[The data — start]

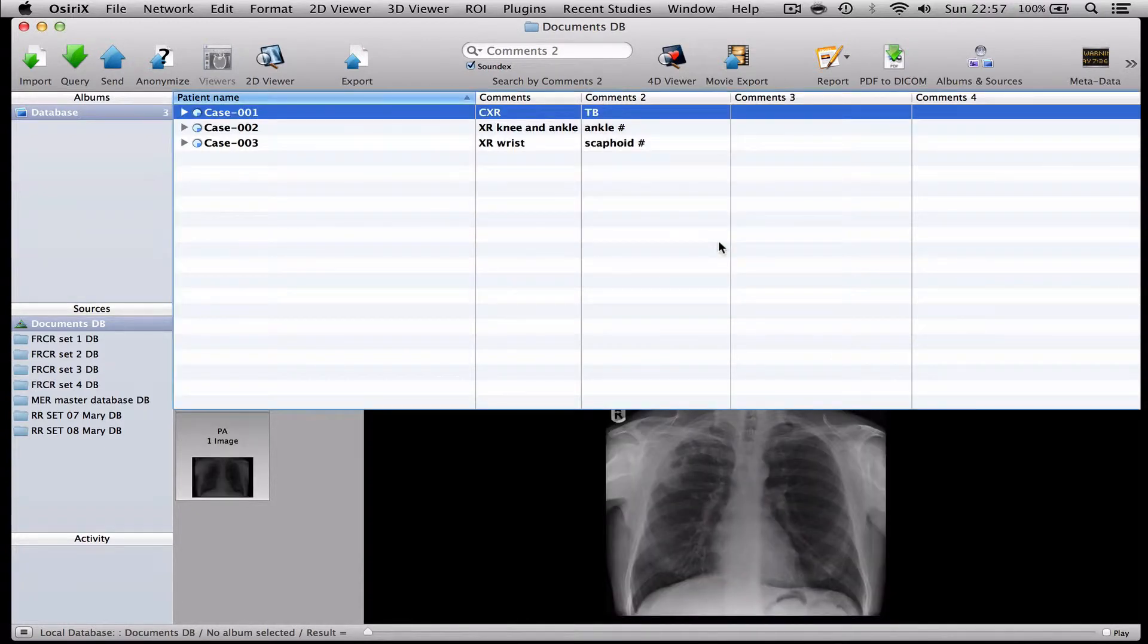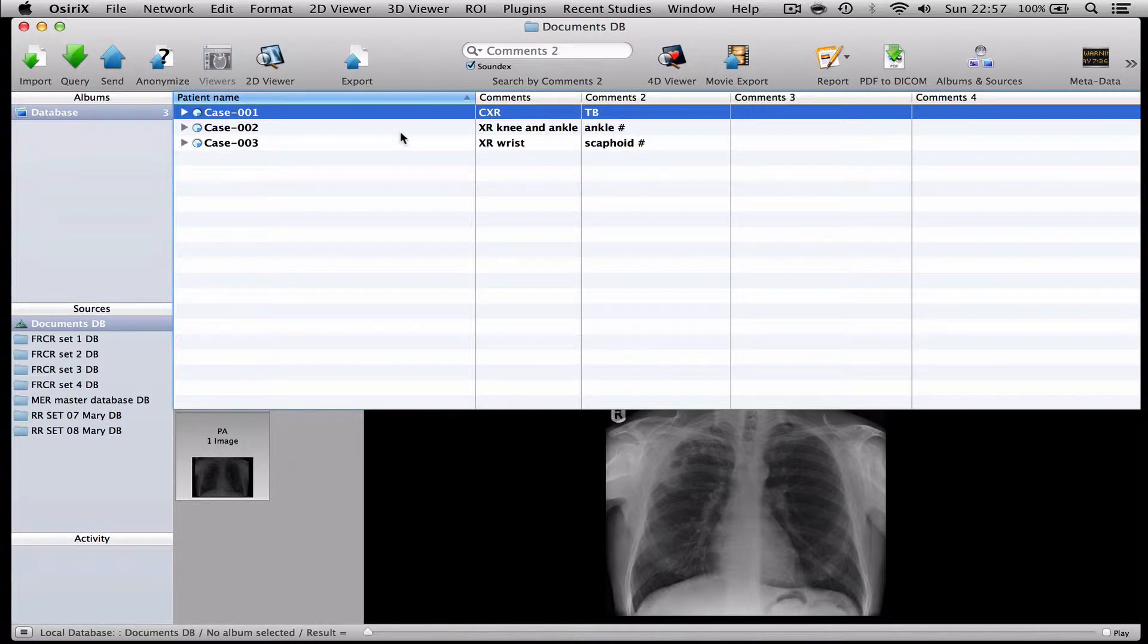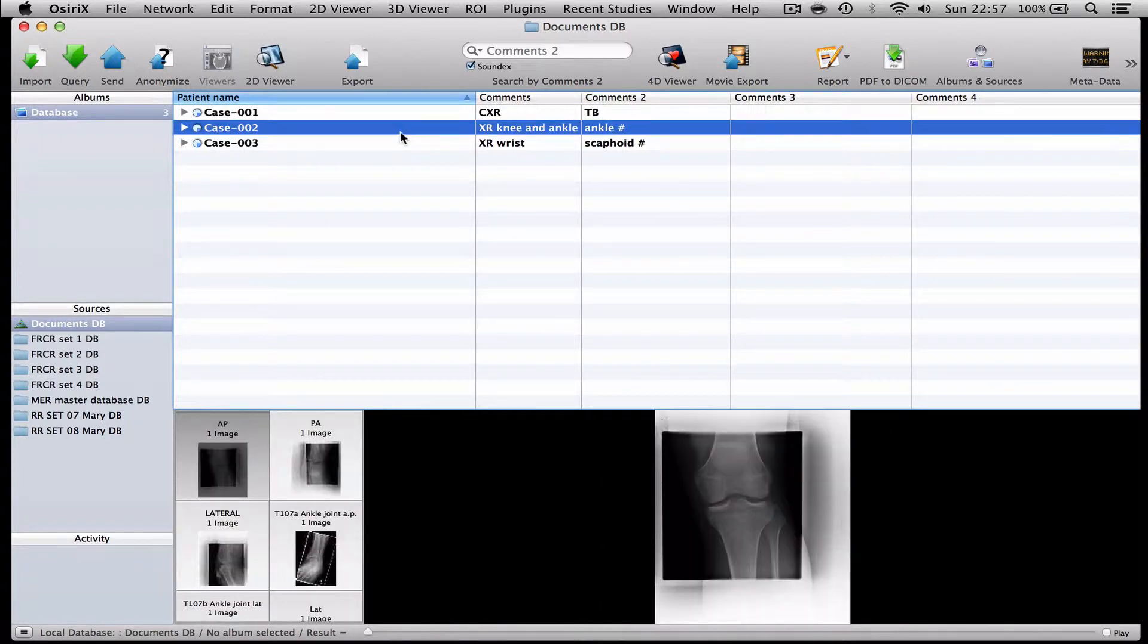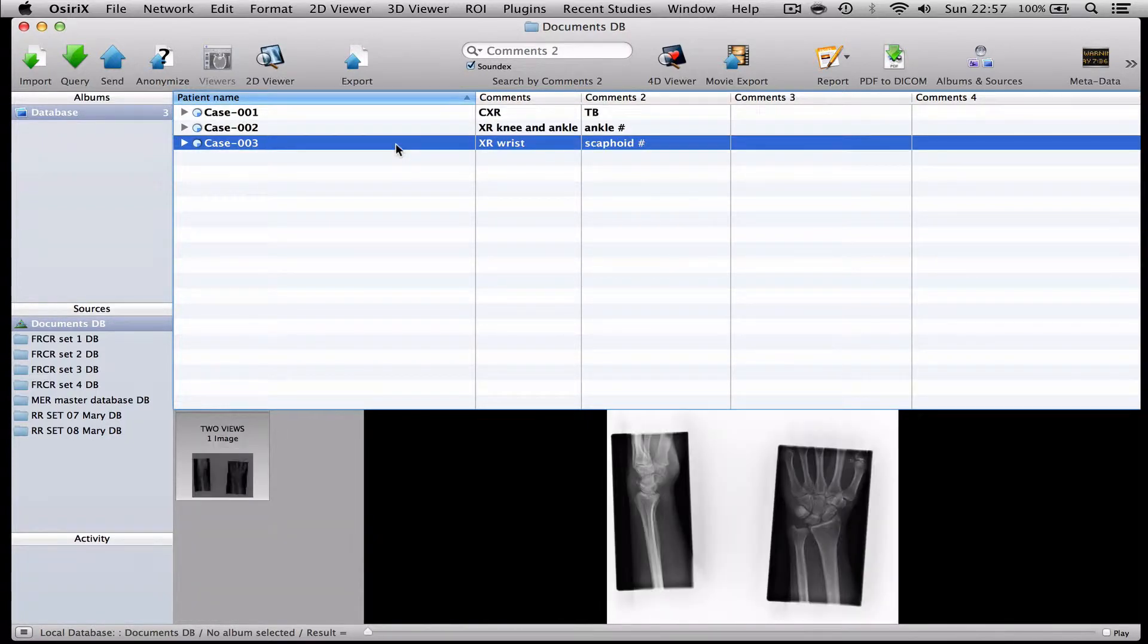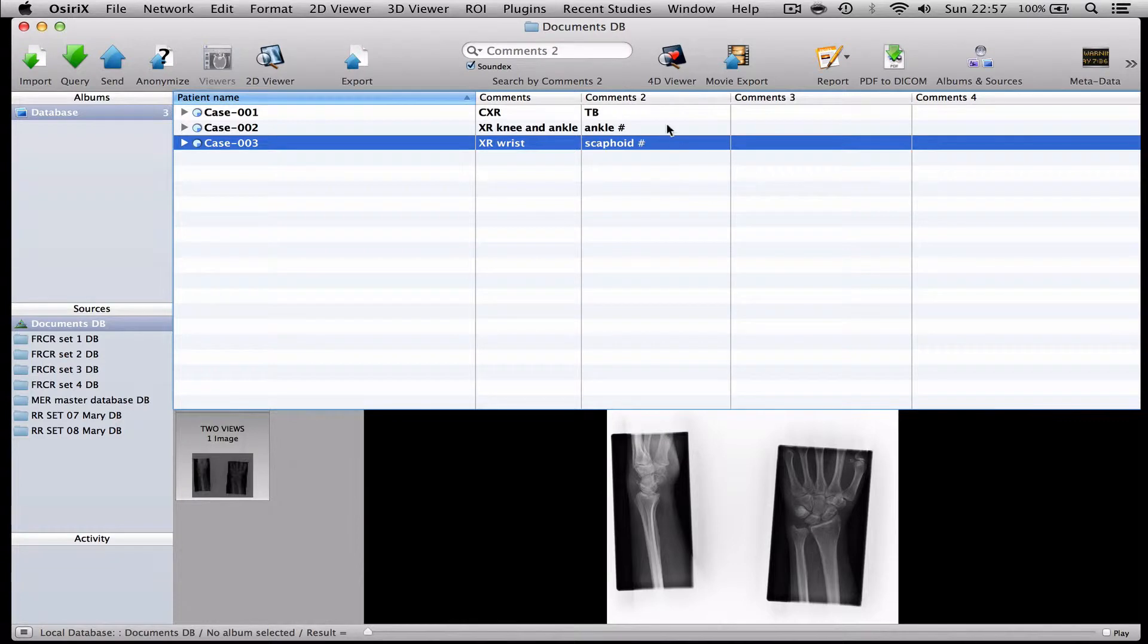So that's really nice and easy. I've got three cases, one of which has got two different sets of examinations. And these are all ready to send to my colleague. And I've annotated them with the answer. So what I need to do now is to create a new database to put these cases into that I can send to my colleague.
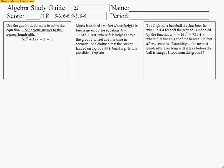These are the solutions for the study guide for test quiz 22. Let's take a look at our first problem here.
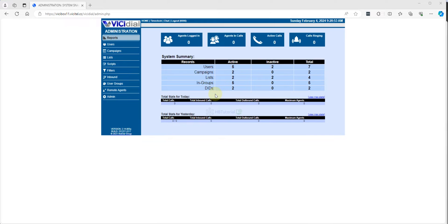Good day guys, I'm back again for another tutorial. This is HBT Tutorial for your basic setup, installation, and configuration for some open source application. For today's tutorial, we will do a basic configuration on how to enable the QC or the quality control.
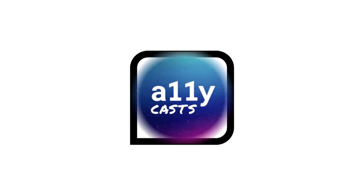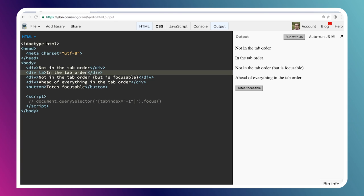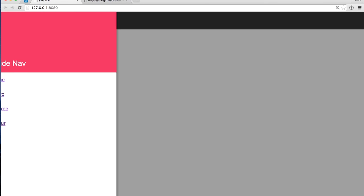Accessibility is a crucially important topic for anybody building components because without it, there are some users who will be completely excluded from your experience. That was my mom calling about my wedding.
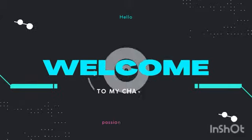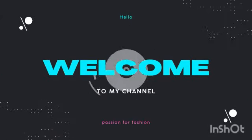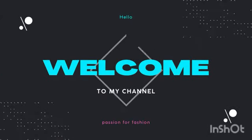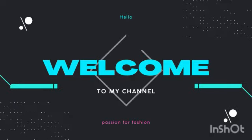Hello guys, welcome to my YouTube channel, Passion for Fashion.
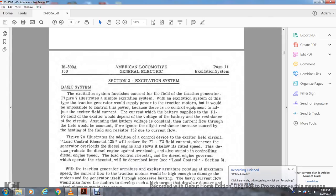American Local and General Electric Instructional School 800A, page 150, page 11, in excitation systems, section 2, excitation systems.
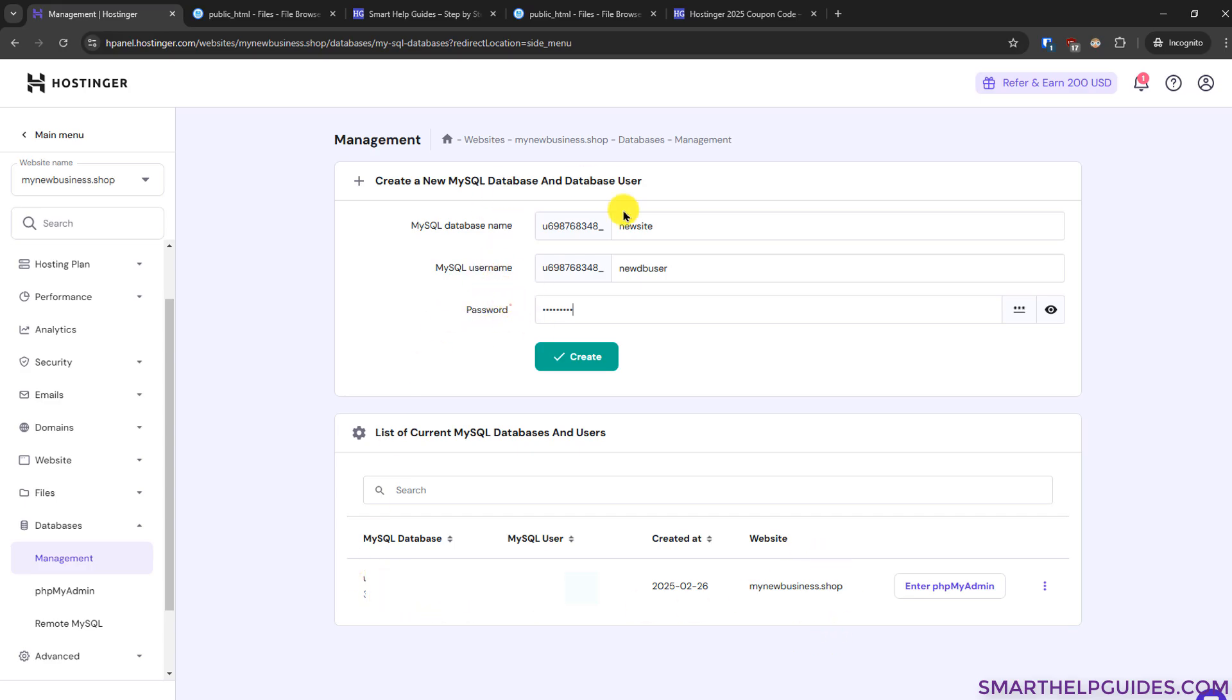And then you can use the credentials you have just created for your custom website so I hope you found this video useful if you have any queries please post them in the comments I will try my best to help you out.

[The data — finish]

Using the records above, retype everything exactly except the pictures.

> **Exercise solution**:
So that's really nice and easy. I've got three cases, one of which has got two different sets of examinations. And these are all ready to send to my colleague. And I've annotated them with the answer. So what I need to do now is to create a new database to put these cases into that I can send to my colleague.
These are the solutions for the study guide for test quiz 22. Let's take a look at our first problem here.
Good day guys, I'm back again for another tutorial. This is HBT Tutorial for your basic setup, installation, and configuration for some open source application. For today's tutorial, we will do a basic configuration on how to enable the QC or the quality control.
Accessibility is a crucially important topic for anybody building components because without it, there are some users who will be completely excluded from your experience. That was my mom calling about my wedding.
Hello guys, welcome to my YouTube channel, Passion for Fashion.
American Local and General Electric Instructional School 800A, page 150, page 11, in excitation systems, section 2, excitation systems.
And then you can use the credentials you have just created for your custom website so I hope you found this video useful if you have any queries please post them in the comments I will try my best to help you out.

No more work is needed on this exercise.